Im Anschluss arbeitete er in einer deutschen Gurkenfabrik nahe der Grenze. Mit dem dort verdienten Geld bereiste er zwei Jahre lang den Nahen Osten. Zurück in den Niederlanden ließ er sich zum Versicherungskaufmann ausbilden. Er trat 1990 der rechtsliberalen Volkspartei VVD bei, 2004 kam dann der Bruch mit der Partei. Laut seinem Bruder Paul war Geert Wilders schon als Jugendlicher ein "fürchterlicher Plagegeist, egozentrisch und aggressiv".

"Mir gefällt seine Art überhaupt nicht", sagt heute auch die junge Mutter Hanneke Brands. Die Sonne hat mittlerweile immer mehr Touristen auf den Alten Markt in Venlo gelockt. Wen sie statt Wilders wählen will, weiß Hanneke Brands noch nicht genau. Vermutlich die VVD von Ministerpräsident Mark Rutte oder die stark linksgerichtete SP. Das politische Spektrum der beiden Parteien könnte in vielen Bereichen unterschiedlicher nicht sein, doch verträten beide gewisse Standpunkte, mit denen sie etwas anfangen könne, erklärt Hanneke Brands.

Viele Niederländer noch unentschlossen

Ihre Unentschlossenheit darüber, wen man wählen soll, teilen viele Niederländer. 70 Prozent der Stimmberechtigten wussten bis Anfang der Woche noch nicht, welcher Partei sie ihre Stimme geben wollen, ergab eine Untersuchung des Instituts I&O Research.

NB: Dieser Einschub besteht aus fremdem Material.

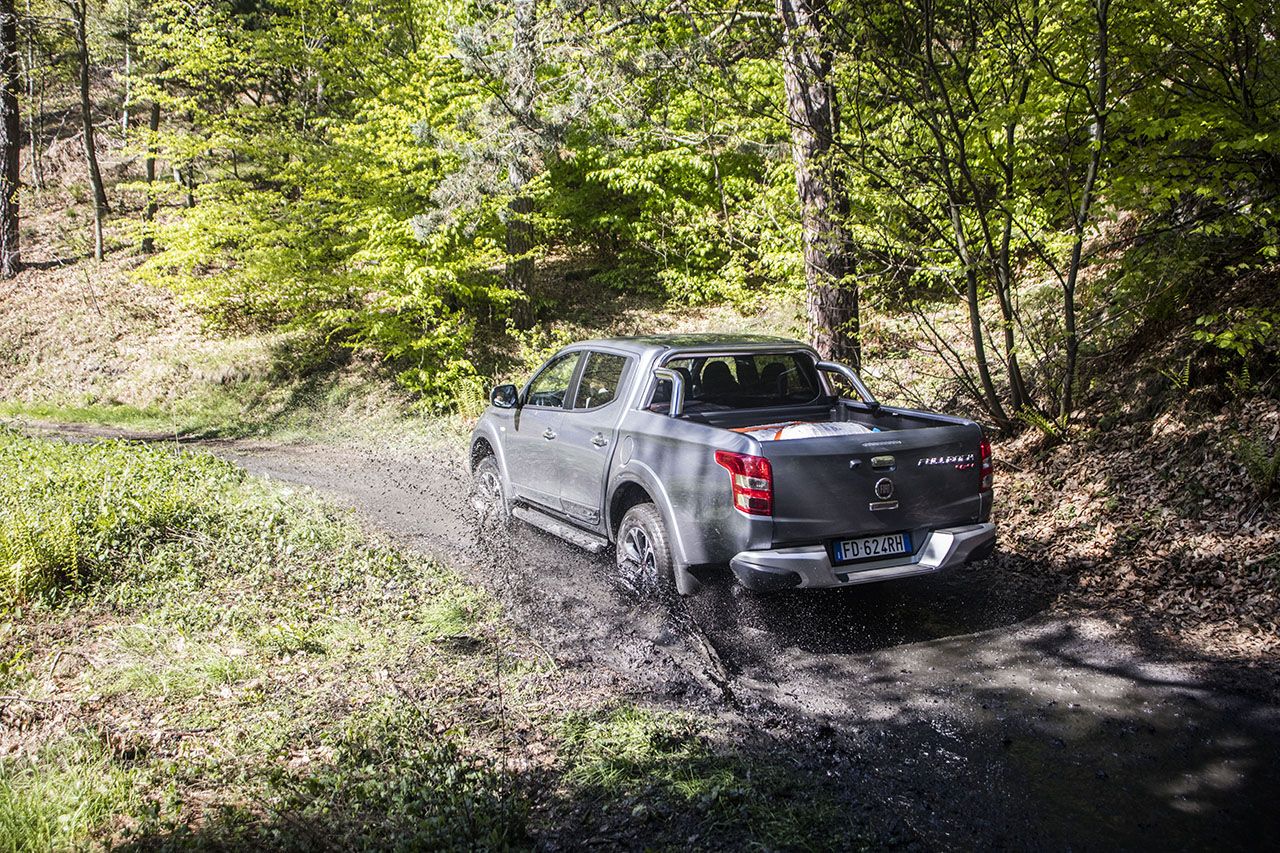 Fiat Fullback Detayl� Resim Galerisi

Einer ist sich dagegen sicher: Roland Peeters wird Grün-Links wählen. Der Fokus der Partei auf die Umwelt spricht ihn an. "Ich finde es wichtig, dass wir die Welt in einem guten Zustand an unsere Kinder weitergeben." Das Zusammenleben spielt für Roland Peeters eine wichtige Rolle, gerade in Zeiten wie diesen. Geert Wilders trage mit seinem Populismus und seiner Polarisierung nicht dazu bei. "Er entzweit die Menschen", dabei sei genau das Gegenteil erstrebenswert.

Wer am Mittwochabend in den Niederlanden zur stärksten Kraft gewählt wird, ist noch nicht abzusehen. Nach der neuesten Prognose von I&O Research wäre die VVD in der stark zersplitterten Parteienlandschaft mit 18 Prozent klarer Wahlsieger, dahinter kämen D66 und Grün-Links (beide rund 13 Prozent). Die PVV stünde bei gut zehn Prozent. Am Montag lagen VVD und PVV in einer anderen Umfrage noch gleichauf bei 16 Prozent. Die Wahllokale schließen um 21 Uhr.